The shutdown would probably hinder the economy in the coming months and could worsen the nation’s trade balance, Aboulafia said.

Boeing said it will determine later when production can resume, based largely on approval from government regulators.

“We believe this decision is least disruptive to maintaining long-term production system and supply chain health,” the company said.

Boeing will likely face some tough negotiations with suppliers about what level of payments it will provide during the production hiatus. The company will want to avoid any layoffs or shutdowns by suppliers that would keep it from quickly restarting production once its safety is approved.

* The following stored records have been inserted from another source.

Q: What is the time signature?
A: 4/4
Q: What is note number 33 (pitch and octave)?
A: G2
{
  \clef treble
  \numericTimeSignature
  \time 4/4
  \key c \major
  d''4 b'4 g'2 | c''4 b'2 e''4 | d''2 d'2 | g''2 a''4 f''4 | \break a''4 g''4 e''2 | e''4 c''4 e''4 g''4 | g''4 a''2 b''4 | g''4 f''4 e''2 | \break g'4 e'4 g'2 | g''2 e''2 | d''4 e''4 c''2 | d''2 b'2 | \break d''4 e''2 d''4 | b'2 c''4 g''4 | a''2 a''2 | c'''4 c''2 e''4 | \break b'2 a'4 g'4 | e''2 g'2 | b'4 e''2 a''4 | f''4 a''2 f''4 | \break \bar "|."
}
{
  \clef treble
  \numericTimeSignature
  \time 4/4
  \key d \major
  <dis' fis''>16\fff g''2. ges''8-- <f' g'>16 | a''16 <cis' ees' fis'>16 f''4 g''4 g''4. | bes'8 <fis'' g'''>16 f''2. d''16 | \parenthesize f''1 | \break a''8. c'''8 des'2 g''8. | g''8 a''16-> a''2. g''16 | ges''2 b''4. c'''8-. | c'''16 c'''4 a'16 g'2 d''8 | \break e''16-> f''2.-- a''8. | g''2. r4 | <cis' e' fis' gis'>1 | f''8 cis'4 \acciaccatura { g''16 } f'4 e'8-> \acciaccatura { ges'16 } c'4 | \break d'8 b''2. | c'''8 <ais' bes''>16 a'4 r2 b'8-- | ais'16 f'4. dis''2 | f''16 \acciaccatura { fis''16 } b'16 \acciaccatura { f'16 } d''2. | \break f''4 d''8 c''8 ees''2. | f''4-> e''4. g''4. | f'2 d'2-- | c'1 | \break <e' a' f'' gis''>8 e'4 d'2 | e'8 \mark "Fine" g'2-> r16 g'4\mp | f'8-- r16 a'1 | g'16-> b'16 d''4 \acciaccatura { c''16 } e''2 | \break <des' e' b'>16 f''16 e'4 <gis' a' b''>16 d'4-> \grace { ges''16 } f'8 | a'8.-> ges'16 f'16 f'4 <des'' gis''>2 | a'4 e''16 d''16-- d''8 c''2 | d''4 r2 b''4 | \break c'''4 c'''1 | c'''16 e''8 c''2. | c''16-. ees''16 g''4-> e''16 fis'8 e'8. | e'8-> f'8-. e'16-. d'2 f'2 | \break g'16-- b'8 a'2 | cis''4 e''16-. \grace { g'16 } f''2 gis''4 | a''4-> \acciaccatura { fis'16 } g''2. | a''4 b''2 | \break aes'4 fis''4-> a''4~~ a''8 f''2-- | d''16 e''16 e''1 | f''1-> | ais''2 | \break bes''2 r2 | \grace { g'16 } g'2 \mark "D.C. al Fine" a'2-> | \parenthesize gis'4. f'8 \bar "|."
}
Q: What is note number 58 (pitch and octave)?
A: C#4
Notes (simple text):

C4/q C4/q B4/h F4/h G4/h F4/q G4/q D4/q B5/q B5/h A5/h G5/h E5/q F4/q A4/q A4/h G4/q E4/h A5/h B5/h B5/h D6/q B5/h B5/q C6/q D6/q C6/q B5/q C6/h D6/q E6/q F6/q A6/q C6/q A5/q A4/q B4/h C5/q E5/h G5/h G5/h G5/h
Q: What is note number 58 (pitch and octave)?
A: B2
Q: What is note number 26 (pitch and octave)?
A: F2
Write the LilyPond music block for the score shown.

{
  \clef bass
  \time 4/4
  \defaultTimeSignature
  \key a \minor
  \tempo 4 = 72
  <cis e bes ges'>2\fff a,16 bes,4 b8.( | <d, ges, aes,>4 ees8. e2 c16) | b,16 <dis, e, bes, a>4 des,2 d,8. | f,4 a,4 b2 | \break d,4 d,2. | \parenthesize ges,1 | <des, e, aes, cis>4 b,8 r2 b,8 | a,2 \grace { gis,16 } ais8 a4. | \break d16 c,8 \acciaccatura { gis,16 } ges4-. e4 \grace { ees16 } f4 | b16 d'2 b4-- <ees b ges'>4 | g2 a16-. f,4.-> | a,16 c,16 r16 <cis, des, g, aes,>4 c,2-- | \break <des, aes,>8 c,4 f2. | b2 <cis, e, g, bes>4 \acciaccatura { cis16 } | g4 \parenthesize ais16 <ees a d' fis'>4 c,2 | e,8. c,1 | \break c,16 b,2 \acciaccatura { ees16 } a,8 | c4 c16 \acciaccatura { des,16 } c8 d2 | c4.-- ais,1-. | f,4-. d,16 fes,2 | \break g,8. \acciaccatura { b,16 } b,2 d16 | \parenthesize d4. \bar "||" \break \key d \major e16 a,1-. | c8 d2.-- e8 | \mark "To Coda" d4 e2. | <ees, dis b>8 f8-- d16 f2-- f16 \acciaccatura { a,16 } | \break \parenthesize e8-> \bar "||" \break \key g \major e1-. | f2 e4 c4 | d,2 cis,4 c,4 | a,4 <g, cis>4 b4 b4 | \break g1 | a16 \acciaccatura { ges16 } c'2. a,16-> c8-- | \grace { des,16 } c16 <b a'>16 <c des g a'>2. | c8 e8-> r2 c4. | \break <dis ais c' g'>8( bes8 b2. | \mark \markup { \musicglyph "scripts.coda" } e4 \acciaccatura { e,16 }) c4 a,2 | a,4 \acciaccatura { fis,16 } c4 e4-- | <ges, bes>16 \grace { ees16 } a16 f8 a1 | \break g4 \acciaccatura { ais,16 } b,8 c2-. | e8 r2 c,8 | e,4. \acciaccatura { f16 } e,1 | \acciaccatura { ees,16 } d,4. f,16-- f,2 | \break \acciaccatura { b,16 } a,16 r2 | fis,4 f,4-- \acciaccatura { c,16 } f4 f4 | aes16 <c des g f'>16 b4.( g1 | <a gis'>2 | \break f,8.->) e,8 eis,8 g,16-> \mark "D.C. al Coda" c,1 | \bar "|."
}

“It's really in Boeing’s interest to identify who needs payments to keep workers and capabilities in place for when the ramp-up eventually happens,” Aboulafia said.

Even before the production halt, airlines were delaying the dates for when they expect the Max to fly passengers. The companies are now extending those dates. 

Jeff Windau, industrials analyst for Edward Jones, said the 400 planes that Boeing has built but cannot deliver were likely a major factor in the decision to halt production. This comes “both in consideration of storage space and how efficiently can you get them delivered once the plane is ready to return to service,” he said.

Boeing has made progress on some FAA requirements to get the Max back in service, Windau said, but he still views the production halt as a negative for the company.

“The flight control system is complex, and there are still unknowns with the timing of regulator reviews and approvals,” Windau wrote in an email. He also wrote that it may be difficult to restart an idled factory once production ramps back up.

Boeing already is having cash-flow issues. In October, the company reported that free cash flow went from $4.1 billion a year ago to a negative $2.9 billion in the third quarter, worse than analysts had expected.

The Chicago-based company also faces about 150 lawsuits from relatives of crash victims, and it has set up a $100 million fund to aid families.

The 737 Max crisis has helped Boeing's main competitor, Europe's Airbus, which saw deliveries surge 28% during the first half of the year. Boeing deliveries fell 37%.

Airbus declined to comment Tuesday, but has said in the past that Boeing's crashes have not affected its sales strategy. Its shares were steady in Paris.

The Associated Press contributed to this report. This story was reported from Los Angeles.